Commenting – please sign up to add comments – in fact, sign up anyway as it makes me makes me feel warm and fuzzy and would inspire me to write more crap for people to skim over before heading off to scroll through more pictures of cats with highly amusing and original captions edited in.

Avatars – when you write a comment, scroll down and choose your the one you want. Feel free to email me any you want to use or direct me to a better addon for doing this 😀

Waffle – Lots of it.

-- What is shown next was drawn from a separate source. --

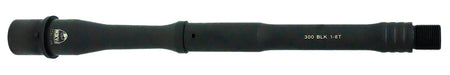 Faxon Duty Series 300 Blackout 10.50 Inch Chrome Mag Phosphate AR-15 Barrel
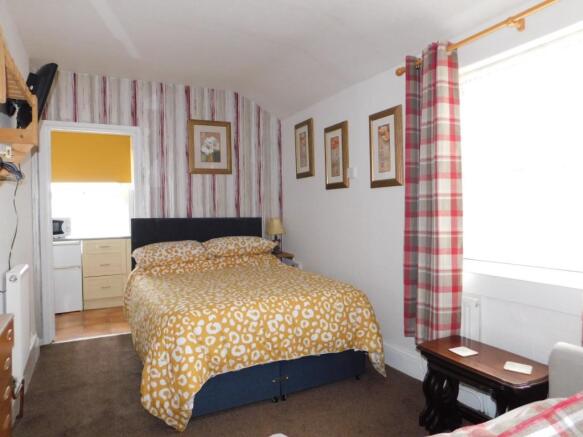 Flat 3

For those unfamiliar with listening to me waffle on; while I am quite shy face to face, give me a dark cupboard and a bucket of coffee and it can be hard to make me stop writing.

I also have a collection of unpaid tickets issued by the Microsoft Paperclip for abusing language – extending sentences well past the legal length and inventing stylie new words 😀

While this website may help answer some of Life’s Conundrums like “Why doesn’t my cat like coffee” and “Did we really need the 80’s”, the biggest questions will have to remain unanswered; “Why does Facebook say I used to be Joan of Arc in a past life (and does this explain my 3 great loves – pissing people off, setting things on fire and paper mache?)” and “Just where does that trailer go when Optimus Prime transforms (sorry but yes, that is a gun in his pocket)”.

I have applied for the Charles Atlas Seal of Approval for the site but apparently it will take at least 7 days to process my request.